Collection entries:
========================

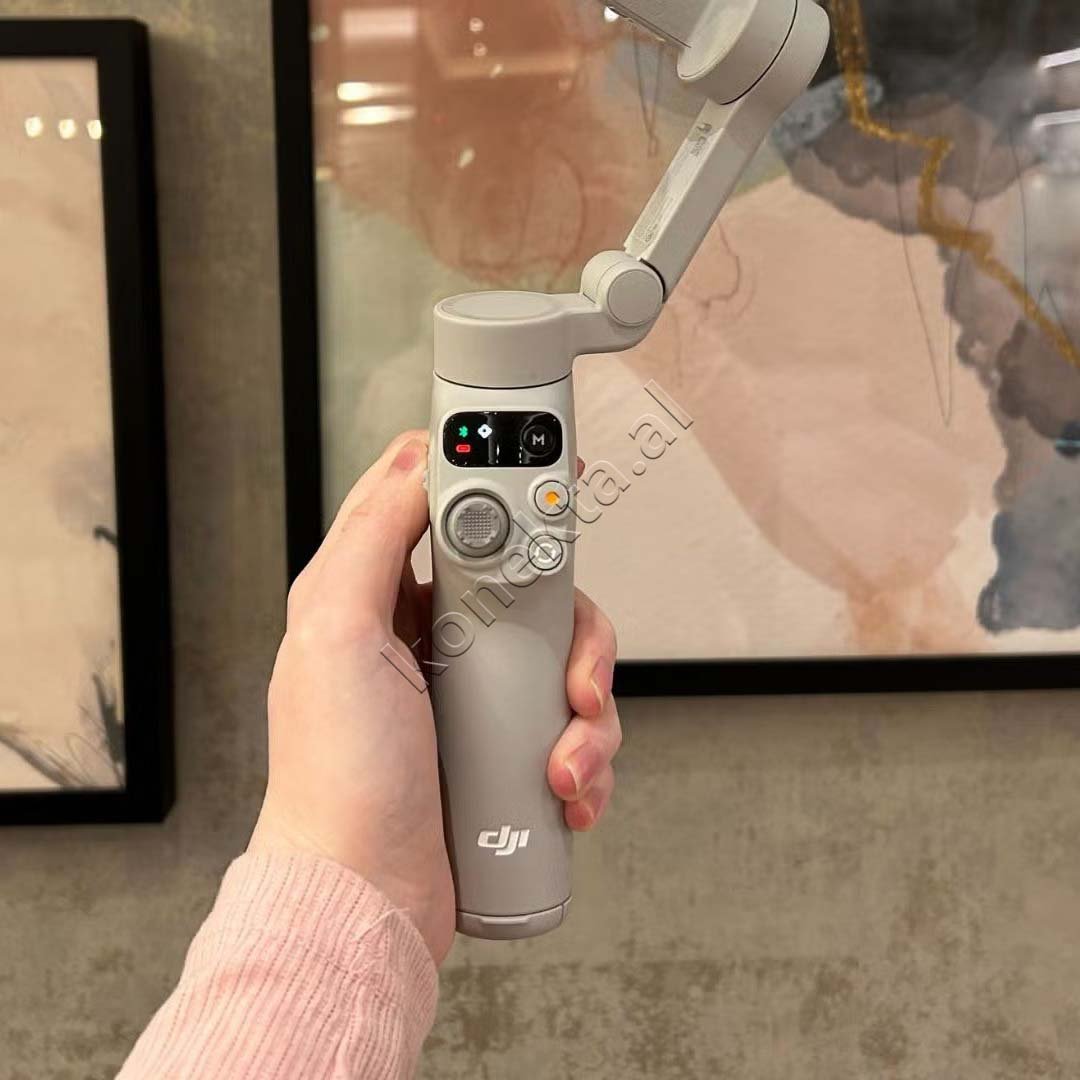DJI Osmo Mobile 7 Gimbal, Black - Thumbnail 11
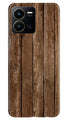 Wooden Look Case for Vivo Y22  (Design - 112)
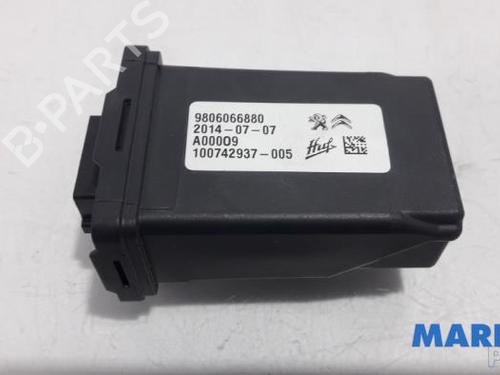 Engine control unit (ECU) CITROËN C4 Picasso II 1.6 HDi / BlueHDi 115 | BP31435012M57 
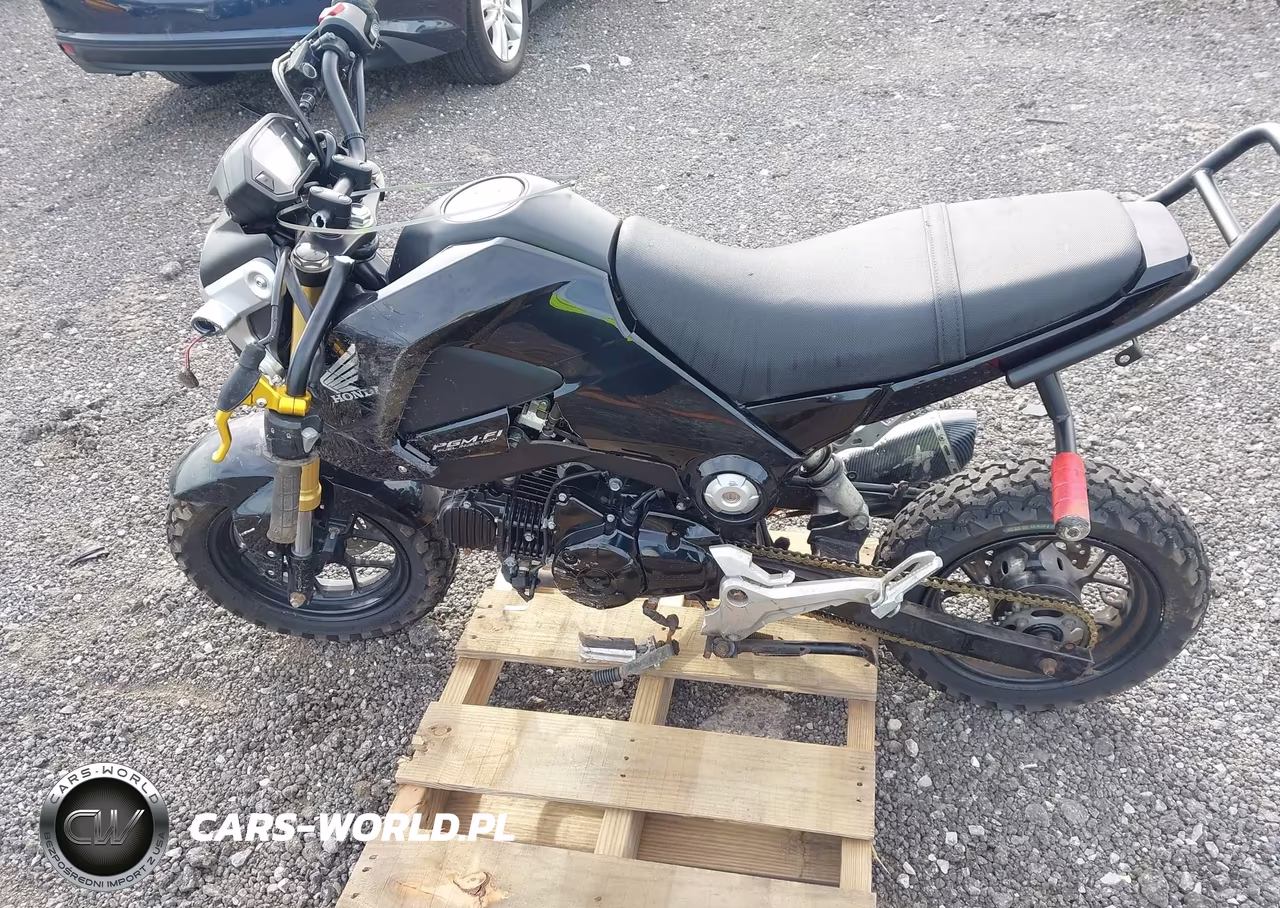 2014 Honda Grom 125 VIN:MLHJC6112E5001552 - 13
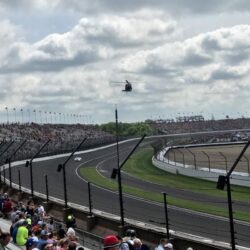 Indianapolis Motor Speedway, section N. W. Vista, row 33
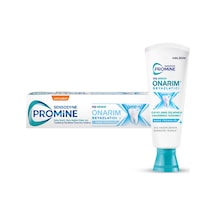Sensodyne Promine Onarım Beyazlatıcı Diş Macunu 75 Ml - 3 Adet Tarı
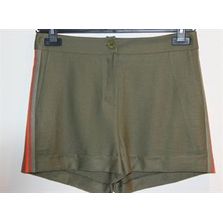 Ladies Striped Shorts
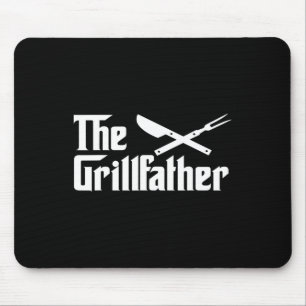 Der Grillfather Bbq Grill und Räucherofen für Männ Mousepad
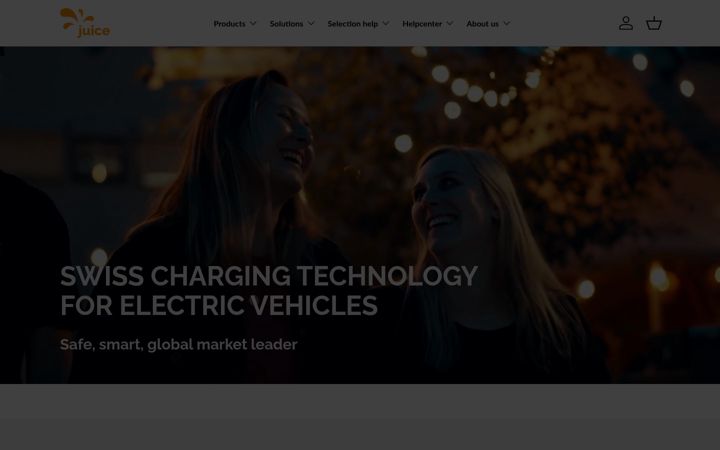 Screenshot of juice-store.com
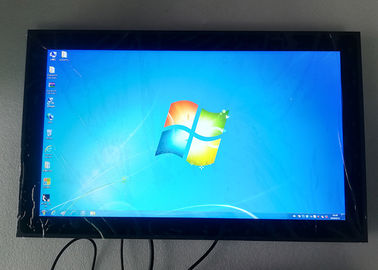 Dauerbetrieb 7x24 multi der Punkt-PCAP Noten-hoher Helligkeits-des Monitor-15,6“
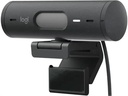 Logitech Brio 500 FHD Webcam Auto Framing, HDR, USB-C, Graphite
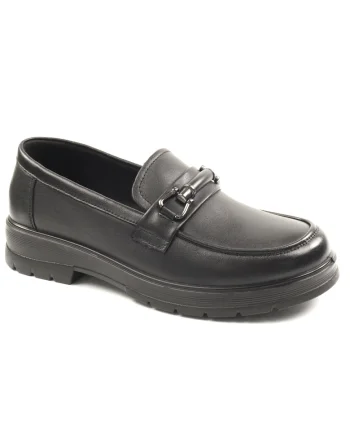 Pantofi dama N750, Negru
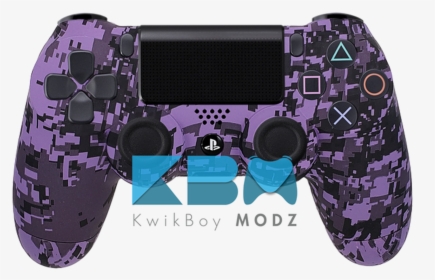 Red Camo Ps4 Controller, HD Png Download, Free Download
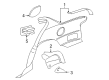 Pontiac Fuel Door Diagram - 22685677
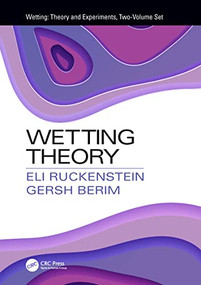 Wetting Theory, 9781138393301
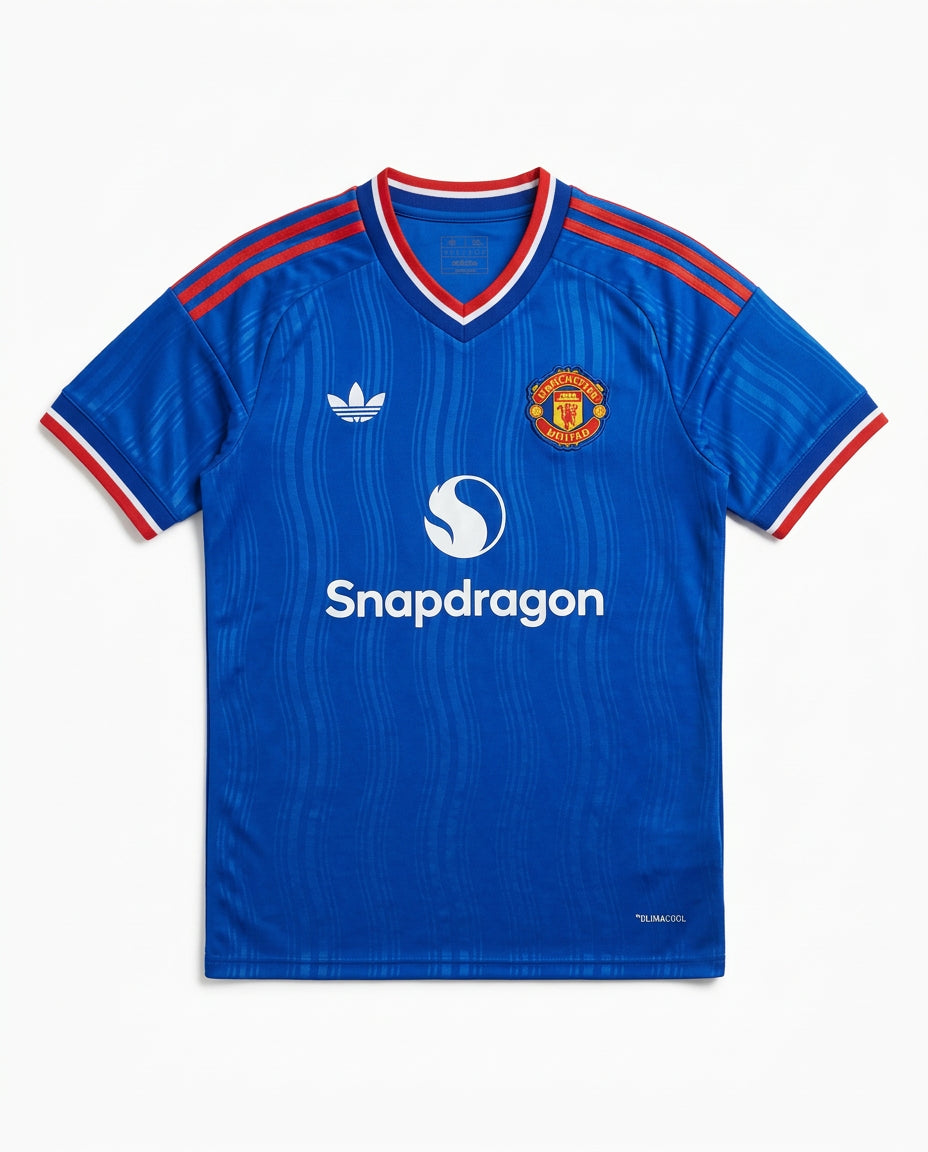 Manchester United 2026/27 Away Football Shirt — front view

========================

- [ACTIVITY] Repeat every line of the data above exactly, but drop the pictures.

- [EXERCISE SOLUTION]
DJI Osmo Mobile 7 Gimbal, Black - Thumbnail 11
 Wooden Look Case for Vivo Y22  (Design - 112)
 Engine control unit (ECU) CITROËN C4 Picasso II 1.6 HDi / BlueHDi 115 | BP31435012M57 
 2014 Honda Grom 125 VIN:MLHJC6112E5001552 - 13
 Indianapolis Motor Speedway, section N. W. Vista, row 33
Sensodyne Promine Onarım Beyazlatıcı Diş Macunu 75 Ml - 3 Adet Tarı
 Ladies Striped Shorts
 Der Grillfather Bbq Grill und Räucherofen für Männ Mousepad
 Screenshot of juice-store.com
 Dauerbetrieb 7x24 multi der Punkt-PCAP Noten-hoher Helligkeits-des Monitor-15,6“
 Logitech Brio 500 FHD Webcam Auto Framing, HDR, USB-C, Graphite
 Pantofi dama N750, Negru
 Red Camo Ps4 Controller, HD Png Download, Free Download
 Pontiac Fuel Door Diagram - 22685677
 Wetting Theory, 9781138393301
 Manchester United 2026/27 Away Football Shirt — front view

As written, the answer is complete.